Haksal’ın kitabında ayrıntılı olarak tartıştığı sansür uygulaması, özgüveni düşük bir entelektüel profilini yansıtması açısından üzerinde genişçe durulması gereken bir durum. Bunun sadece Dostoyevski’ye mahsus olmadığı da açık. En çok bilinen örnek Exupery’nin Küçük Prens romanı. O romanın bazı cümleleri de Türk okuyucusu için sakıncalı bulunarak yayınevleri tarafından kitaptan çıkarılmıştı. Ali Haydar Haksal’ın Dostoyevski için yaptığı incelemenin başka yazarlar için de yapılması ve bunu yapan zihni yapının açığa çıkarılması Türk edebiyatı ve düşüncesine önemli bir katkı olacaktır.

 

Dostoyevski, hapishaneye girmeden önce bir nihilisttir. Hapishanede kardeşinden kendisine İncil’in Slav baskısıyla birlikte Fransızca çevirisine de göndermesini ister. Müslümanlarla da hapishanede karşılaşır ve onlarla dostluk kurar. Kafkas bölgesinden gelmiş üç kardeş. Dostoyevski özellikle en küçük kardeş olan Çerkez Ali ile dostluğunu derinleştirir. Ona Rusça öğretir. Bu karşılaşmada Dostoyevski Müslüman ahlakına ve anlayışına hayranlık duyar. Ali Haydar Haksal, Dostoyevski’nin romanları ve günlüklerinde bu karşılaşmanın izlerini sürmektedir. Dostoyevski hapishanede iken Kur’an da okur.

 

Hapisten çıktıktan sonra artık o çok koyu bir Ortodoks ve Rus milliyetçisidir. Hayatını altüst eden kumar tutkusuna rağmen o, ömür boyu Ortodoksluğa bağlılığını koruyacaktır. İleride Tolstoy’u din tutumunda Ortodoksluktan uzaklaştığı ve yeterince milliyetçi olmadığı gerekçesiyle eleştirecektir. 

 

Tolstoy, Dostoyevski’ye göre daha sancılı bir hakikat arayıcısıdır.
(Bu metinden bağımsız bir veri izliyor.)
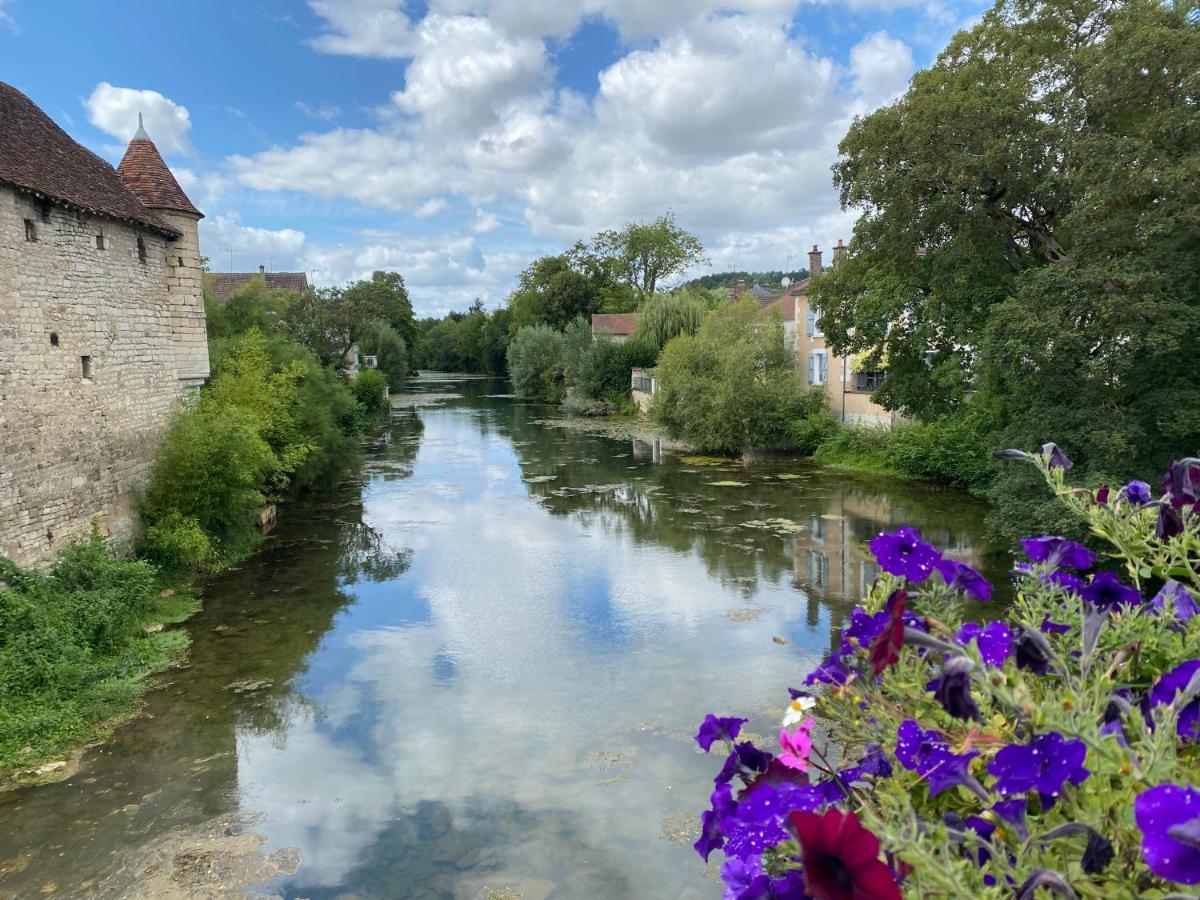 Le Cristallin Gite Plein Coeur De Chablis Lägenhet Exteriör bild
Tolstoy, Kilise’nin, İsa’nın getirdiği dinin özünü bozduğu, kendine göre bir Kilise dini icat ettiği kanaatindedir. O, halkın yaşadığı dinin saf din olduğu görüşünü taşır. Kendi çabasıyla İsa’nın dininin özünü anlamaya çabalar. Kilise'yi saf dinin önünde büyük bir engel olarak görür ve bu nedenle Kilise'ye karşı savaş açar. Tolstoy, Dostoyevski’den farklı olarak din anlayışını yayma konusunda büyük gayret içine girer, bu konuda çok sayıda kitap yazar. Etrafında kendi görüşünü benimseyenlerden bir halka oluşur. Tolstoy’un Kilise ve din hakkındaki görüşleri ve bu görüşlerini yayma çabaları Kilise'yi rahatsız eder. Aforoz edilir ve eserleri yasaklanır.

 

Tolstoy, Dostoyevski’ye göre Müslümanları daha yakından tanır. Hacı Murat romanında Müslüman tiplerini ustalıkla tasvir eder. Haksal, Tolstoy’un diğer eserlerinde de İslam’a ve Müslümanlara ilgisinin izlerini sürer.

 

Tolstoy’un eserleriyle hayatı arasında büyük paralellik bulunmaktadır. Savaş ve Barış’ta ortaya koyduğu trajedi ve sorgulamaların kendi hayatında da izlerini bulmak mümkün. Emrinde çok sayıda insanın çalıştığı büyük toprak ve malikâne sahibidir. Hayatının özüne emeği koyduğu için zaman zaman topraklarını dağıtmak, kitaplarının gelirini kamuya bırakmak arzusuna kapılır. Ancak aile efradı ve reel şartlar buna imkân vermez. Son çare olarak evini terk etmek, uzaklara gitmek ister. Birkaç kere teşebbüs etmesine rağmen bunda başarılı olamaz. Nihayet çok ileri yaşında bir daha dönmemek üzere evini terk eder ve son nefesini bir tren istasyonunda verir. Bu son yolculuğunda nereye gitmek istediği bir soru olarak ortada durmaktadır.

 

Ali haydar Haksal, bu geniş kapsamlı çalışmasında, çok bilinen yazarlara taze dikkatler ve bakışlar sunmaktadır. Hepsi bir arada okununca, incelemeye konu 19. yüzyıl romancılarının din üzerine yoğun düşünceleri dikkate çekici bir tespittir. Rusya’nın iki büyük romancısı Dostoyevski ve Tolstoy’un dinî tutum ve gayretleri, onların sanatçılıklarına bir halel getirmez, ancak bu tespitin, söz konusu yazarları okurken okuyucuya yeni ufuklar kazandırması beklenir.